WORK ORDER: In the material below, the lines between the one holding "A boxspring bed" and the one holding "Mando cutting a", inclusive, are to be set down word for word. Pictures stay out.

ENTRIES SUPPLIED:

[Start of Attachment]

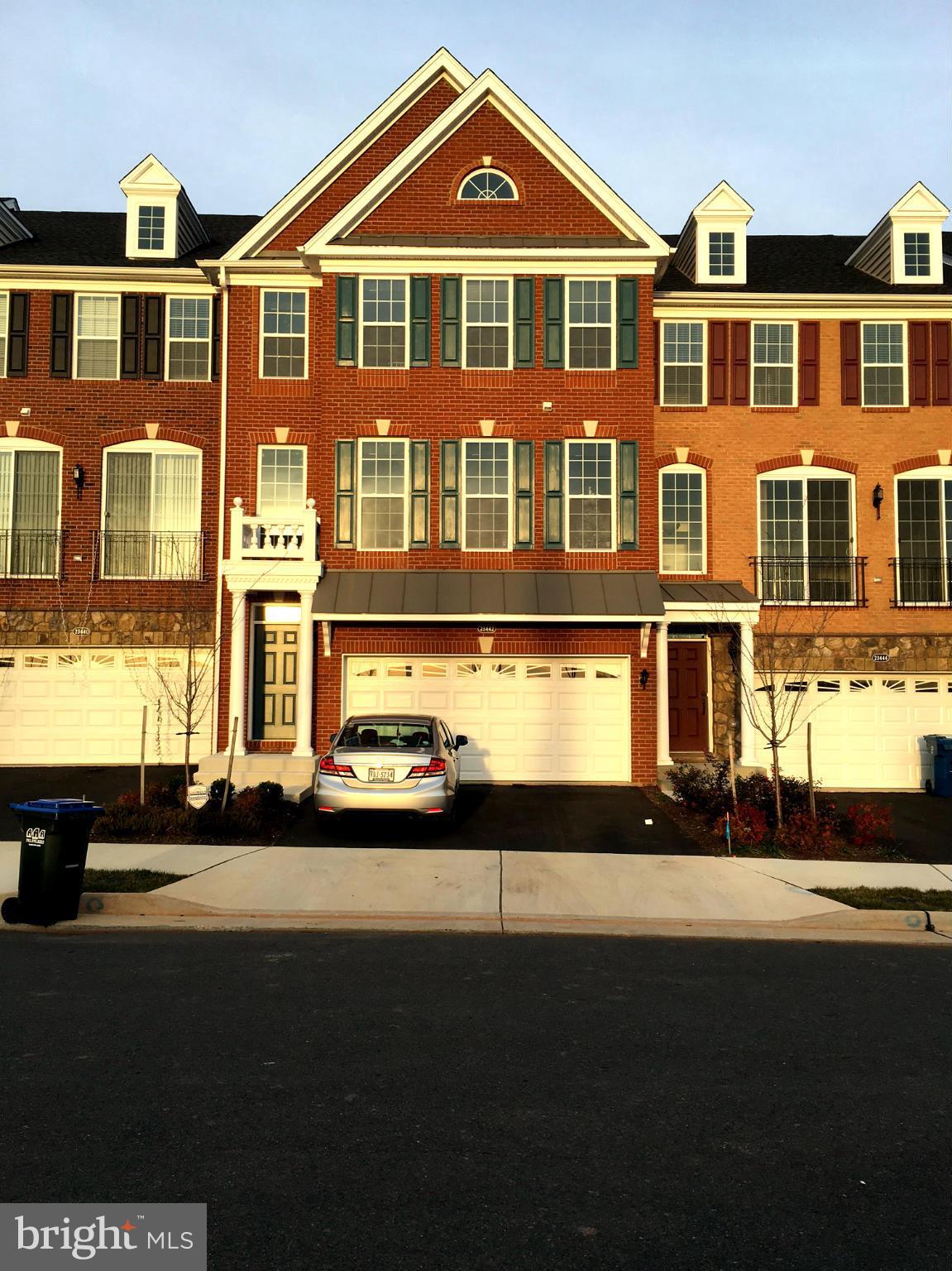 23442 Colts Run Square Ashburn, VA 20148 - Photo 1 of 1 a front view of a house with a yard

[End of Attachment]
[Start of Attachment]

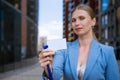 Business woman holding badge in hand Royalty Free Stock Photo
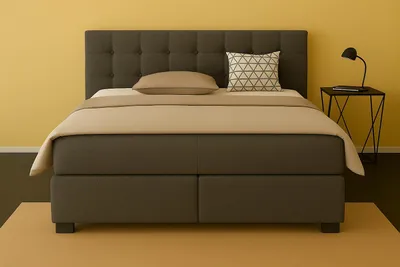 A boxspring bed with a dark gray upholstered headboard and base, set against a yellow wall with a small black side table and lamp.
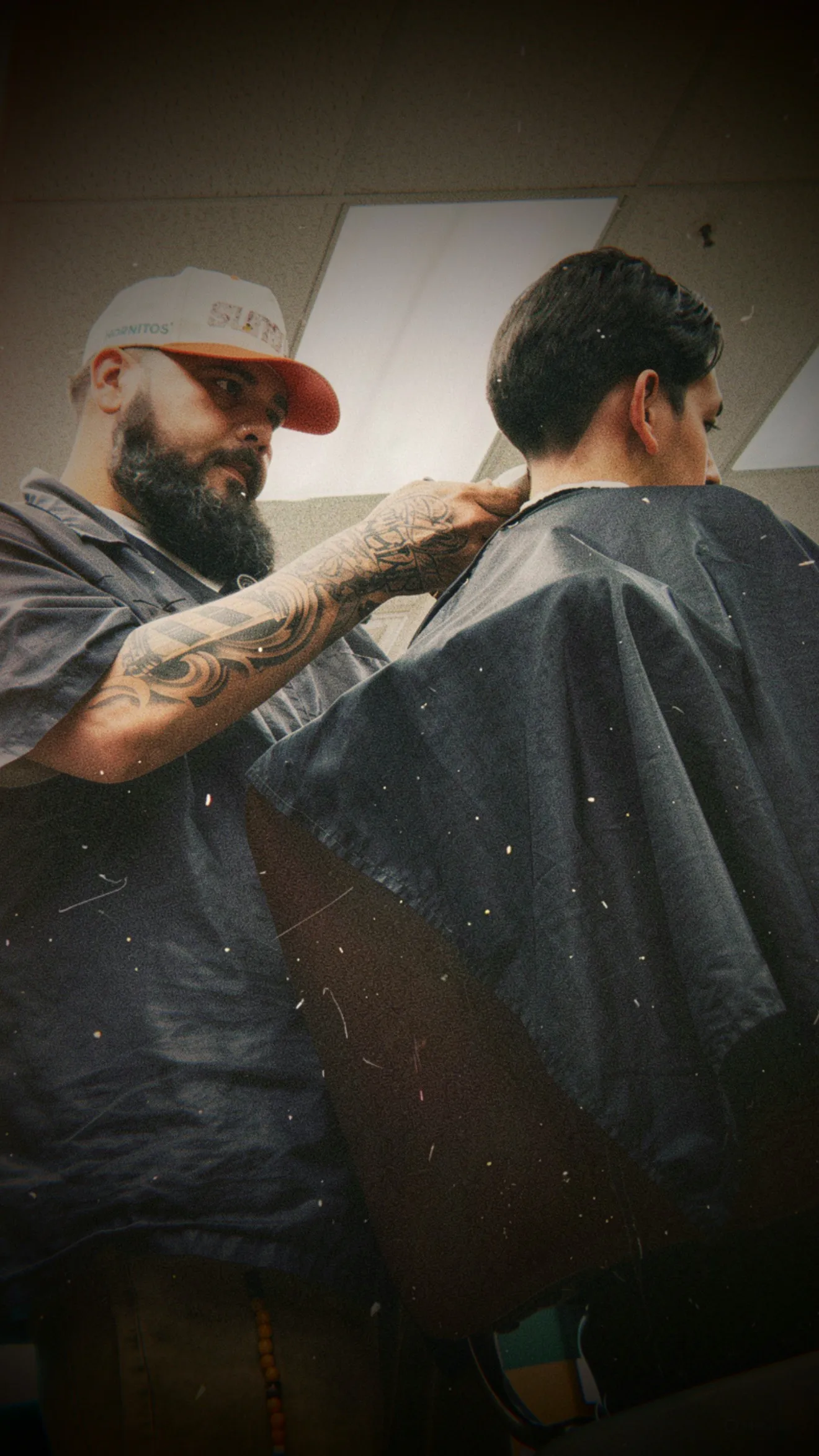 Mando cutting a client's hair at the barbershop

[End of Attachment]
[Start of Attachment]

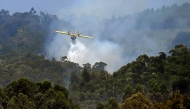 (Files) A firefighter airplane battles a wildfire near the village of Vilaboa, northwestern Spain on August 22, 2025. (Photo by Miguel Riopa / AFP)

[End of Attachment]

RESULT:
 A boxspring bed with a dark gray upholstered headboard and base, set against a yellow wall with a small black side table and lamp.
 Mando cutting a client's hair at the barbershop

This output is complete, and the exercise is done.